At the bottom of the world: peering under the ice into the unknown of a glacial lake
Ohio State Marion Assistant Professor of Earth Sciences Dr. Joel Barker recently returned from Antarctica as a member of the Subglacial Antarctic Lakes Scientific Access (SALSA) project. The goal of the SALSA project was to sample a lake beneath 1 kilometer (0.7 miles) of ice on the East Antarctic Ice Sheet. This lake, Mercer Subglacial Lake, would have been only the second lake that has been accessed and sampled in Antarctica.
The project was a success and the lake was accessed on Christmas day, 2018. The scientific team worked around the clock to collect water and sediment from Mercer Subglacial Lake to determine how the lake formed, how water is flowing beneath Antarctic ice, and what life is able to exist, and how it is able to function, under such unique conditions.
Dr. Barker’s work focused on examining the organic matter in the lake water.
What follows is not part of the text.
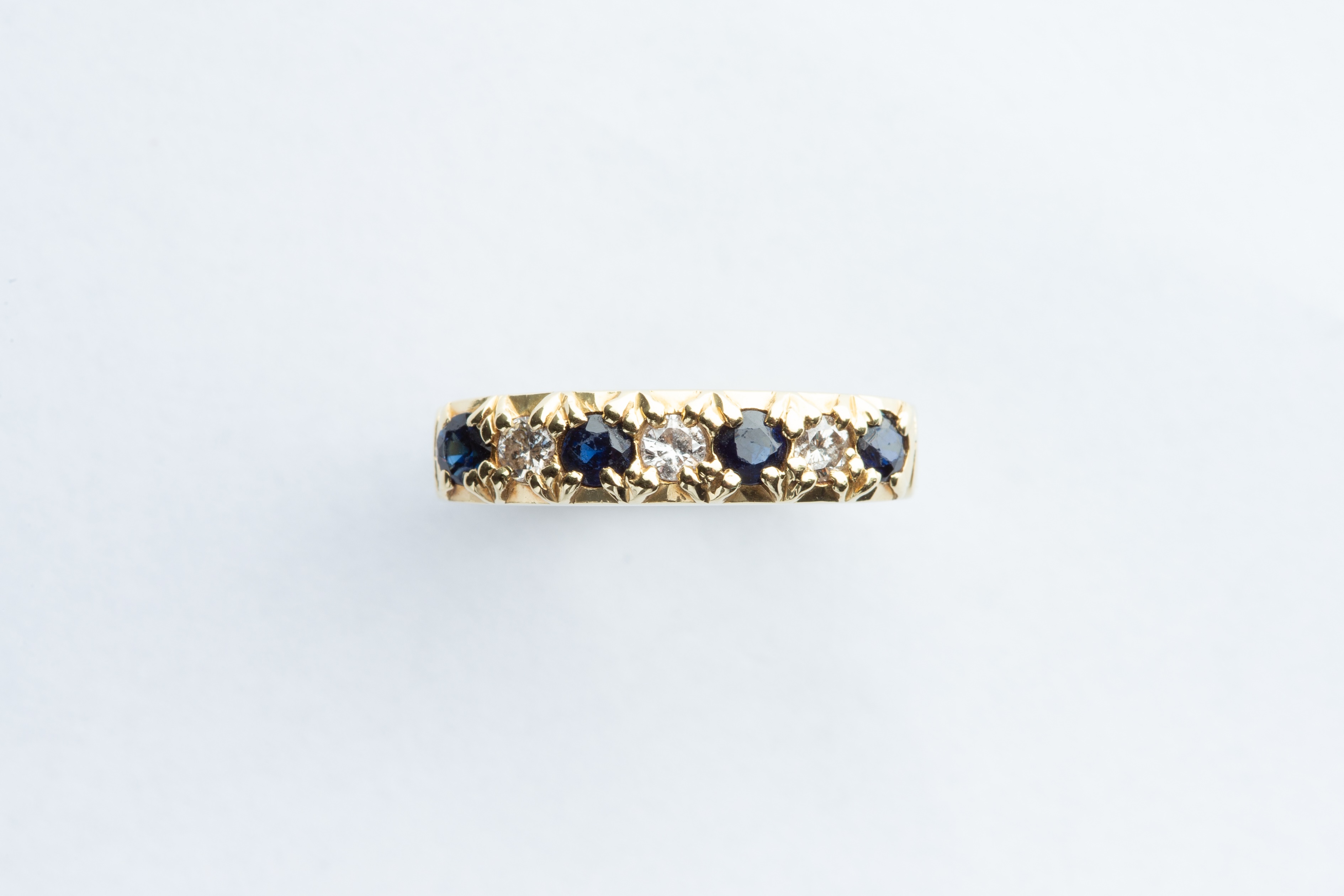 A 18ct Yellow Gold Sapphire & Diamond Ring,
Organic matter is an important component of the lake ecosystem because it functions as food for any organisms that exist, and is also reflective of the types of organisms that might exist.
“This information helps us to understand who lives in a lake beneath a kilometer of ice, and how their able to survive,” said Barker,
“This is a pretty unique environment," he added. "You’d expect the temperatures to hover around freezing, there’s no sunlight, and pressures are enormous. Anything that lives down there would be alien to anything that we’d find on the earth’s surface”.